Abrazo al hábito


"One of this mornings,
you´re gonna rise up
singing"
Satchmo to Ella
Summertime




Se puede andar indefinidamente extraviado, también se puede mantener una rutina enfermiza, e inexplicablemente, vivir. Se puede tener una de esas profesiones de riesgo, ser fanático de la adrenalina, y se lleva una vida tolerable. Lo que no se puede hacer, es permanecer aburrido mucho tiempo. No he conocido a nadie que permanezca aburrido mucho tiempo. O se divierten o se matan, pero aburridos, no.

A mi personalmente, me funcionan muy bien mis hábitos. Es más, creo que mis hábitos me han mantenido a flote, a lo largo de la vida. Soy un cúmulo de mis hábitos, la mayoría afortunadamente, malos. Eso me da la oportunidad de ser medianamente interesante y me ayuda a tolerar esa viscosidad que le gustaba pregonar tanto a Sartre. Mis hábitos son un magnífico chaser para el trago amargo de bueno, eso.

Tengo muchos, lo presumo. Fumo, por ejemplo. Ya alguien desperdició algunas páginas tratando de explicar como fumar no es un mal hábito. Algo acerca de malos hábitos, que en realidad son buenos, por encantadores, algo así, no sé. Como sea, fumo, y me dicen que eso es más bien una adicción. Pero, ¿Que es una adicción, si no un hábito encarnado?, Un hábito que termina enraizándose en el sistema nervioso, o en el endocrino o en lo más profundo de nuestras falencias infantiles.

Pero fumo y lo disfruto, pese a todas las restricciones que ahora se sufren cuando a uno le da por encender el cigarrillo. Antes no había más que pensar en fumar, para traer ya el cigarro encendido en los labios, donde fuera. Ya no es tan sencillo, pero igual, uno se las ingenia. Mientras fumo, por ejemplo en la calle, me resulta casi imposible desarrollar otro de los hábitos: Observar, Observar empecinadamente, observar duramente. No dejo algo hasta que termino por desahuciar cualquier oportunidad que tenga por interesarme. Unas piernas, los zapatos de un turista, la etiqueta adherida en un bus, el rehilete de un niño, un atardecer, un semáforo caído, un lunar inusual, un perro quieto, la playa, un tatuaje, equis, mil cosas siempre.

Por lo general, prefiero que estos ejercicios observatorios se dirijan a objetos inanimados o animales, antes que a humanos. Ya me he encontrado con muchos ojos furiosos, que me sorprenden a mitad de una observación, para provocarme el desvío de mirada y rubor consiguiente. Me he escapado de varias trompadas, bien merecidas, por lo demás. A nadie le gustan los fisgones, ni a mi. Pero no voy a renunciar a un hábito por presiones externas. Es mío, y feo y todo, lo quiero.

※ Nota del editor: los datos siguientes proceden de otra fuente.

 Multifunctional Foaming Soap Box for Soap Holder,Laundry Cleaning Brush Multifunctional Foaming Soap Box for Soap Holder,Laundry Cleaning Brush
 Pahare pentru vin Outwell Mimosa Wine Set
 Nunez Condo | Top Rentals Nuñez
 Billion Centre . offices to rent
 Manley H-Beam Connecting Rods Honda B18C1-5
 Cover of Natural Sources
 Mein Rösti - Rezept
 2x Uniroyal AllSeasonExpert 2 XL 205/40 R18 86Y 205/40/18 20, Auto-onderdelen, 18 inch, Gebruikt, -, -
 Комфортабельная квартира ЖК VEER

Uno de los que más problema me causa, es el de extrañar. Extrañar nunca es del todo cómodo. Implica ausencia de alguien, algo. Entonces extraño, y ya el hábito me ayuda como lo hace siempre, me distrae, aunque no siempre a los mejores lugares.

Este hábito en particular es causante de cambios en mi humor, dejándome lívido o melancólico, justo en medio de fiestas o juntas semanales. Esos no son estados de ánimo apropiados para esas circunstancias, y ahí me tienen, tratando de modificar el gesto dejado por la imagen de un perfecto impermeable adquirido en 1997, que jamás volví a ver, frente a personas que esperan el reporte de avances del último trimestre, y que esperan sonrisas y no la cara del dueño de un impermeable irremediablemente perdido.

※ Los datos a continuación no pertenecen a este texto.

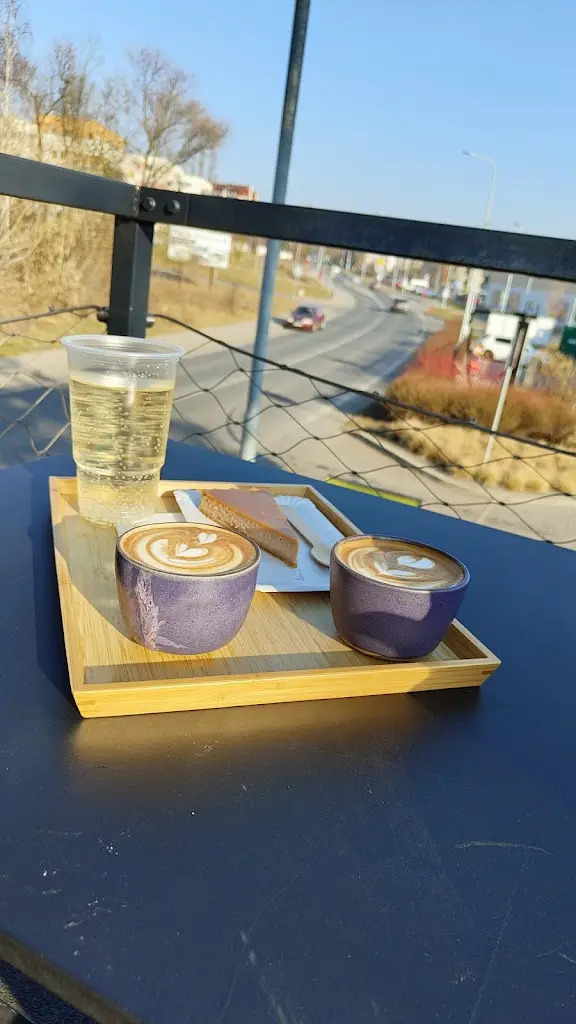 Lukáš Vorel_Brake Bistro_Milovice_review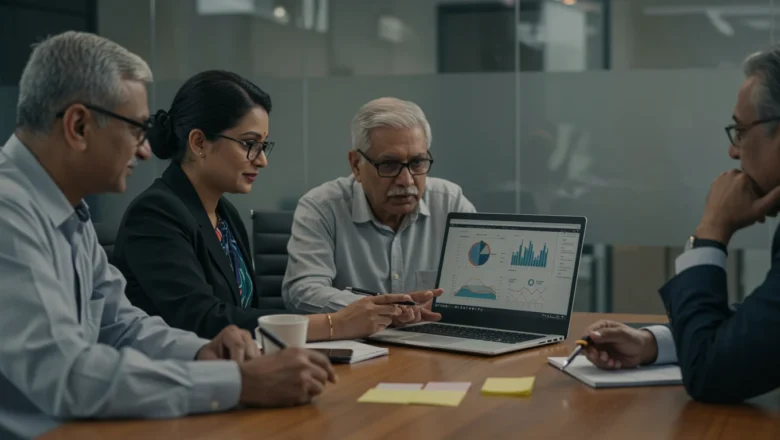 B2B lead quality improving as decision-makers re-engage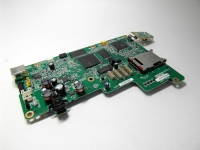 Материнская плата Epson Stylus CX4900 Вид  3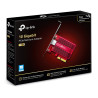 Carte Réseau PCIe RJ45 TP-Link TX401 - 10Gbits s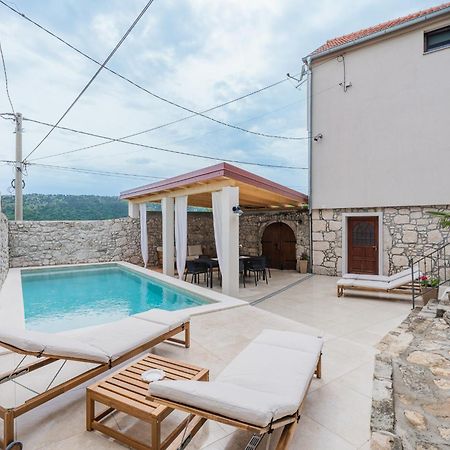Villa Marisan Брибир Экстерьер фото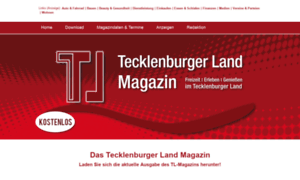 Tl-magazin.de thumbnail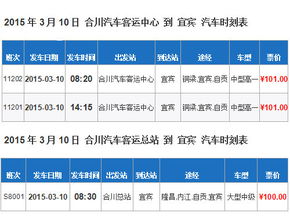 汽车票温岭到宜宾多少钱(汽车票温岭到宜宾的价格解析)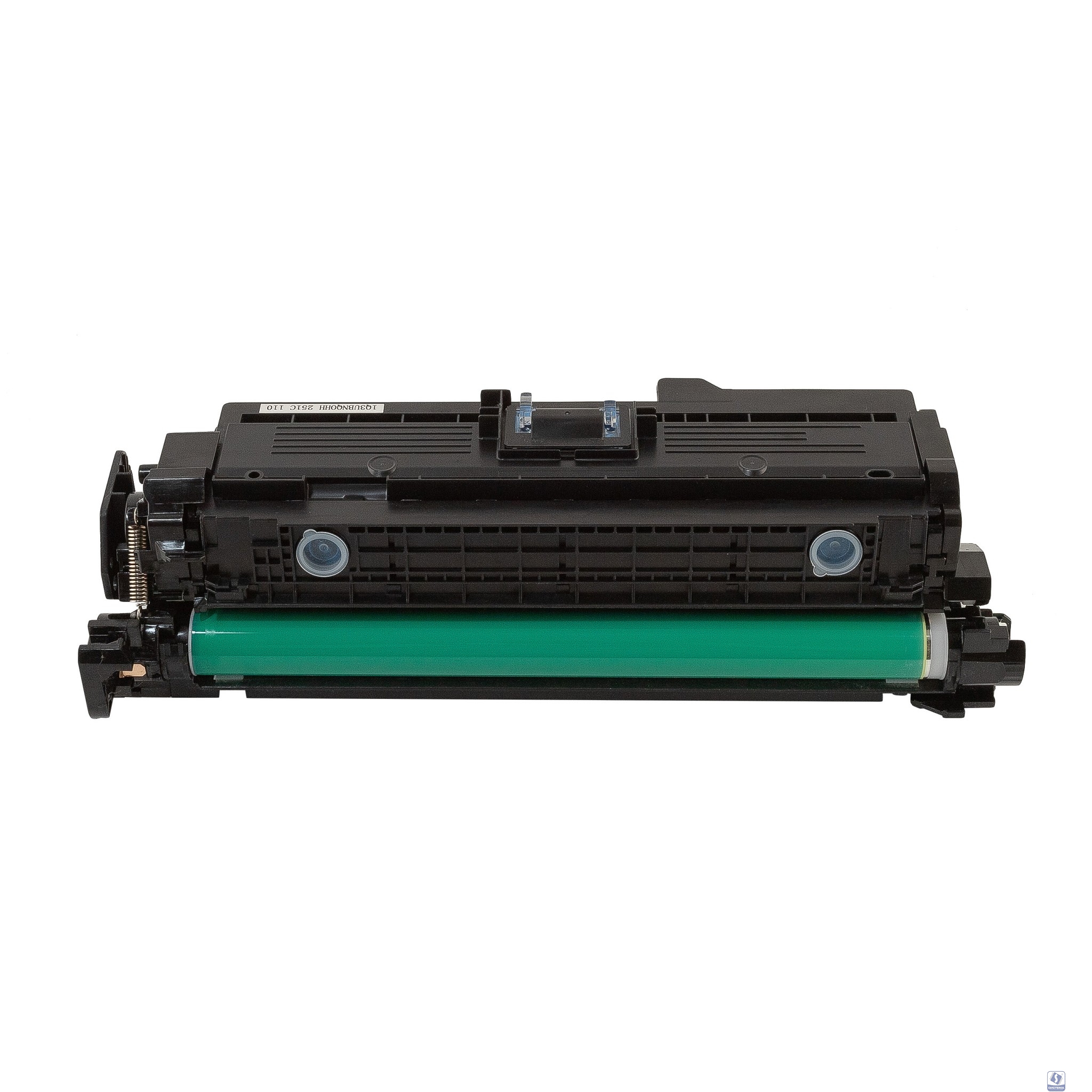 Bion CE401A Картридж для HP LaserJet Enterprise M551/M575, HP LaserJet M570, HP LaserJet Pro M570 (6000  стр.), Голубой, с чипом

Esas cosas provoca el hábito de extrañar. A veces extraño un platillo específico, justo enfrente de las viandas que me obsequia animosa, una bien intencionada vecina y ve, ya no habrá forma de convencerla de que escupí el bocado porque me acordé de un chiste rebueno. Nada, no quiero ni hablar de cuando me acuerdo de ti, por ejemplo.

Esas son tardes excepcionalmente grises, dignas de películas de Bogart, con soundtrack de Piaf.

Y así los hábitos, como ese otro de escribir elaboradamente sobre temas sin la menor importancia. Distracciones.

A veces pienso que mis hábitos son como agua, la misma agua, que pasa de un vaso a otro, infinitamente.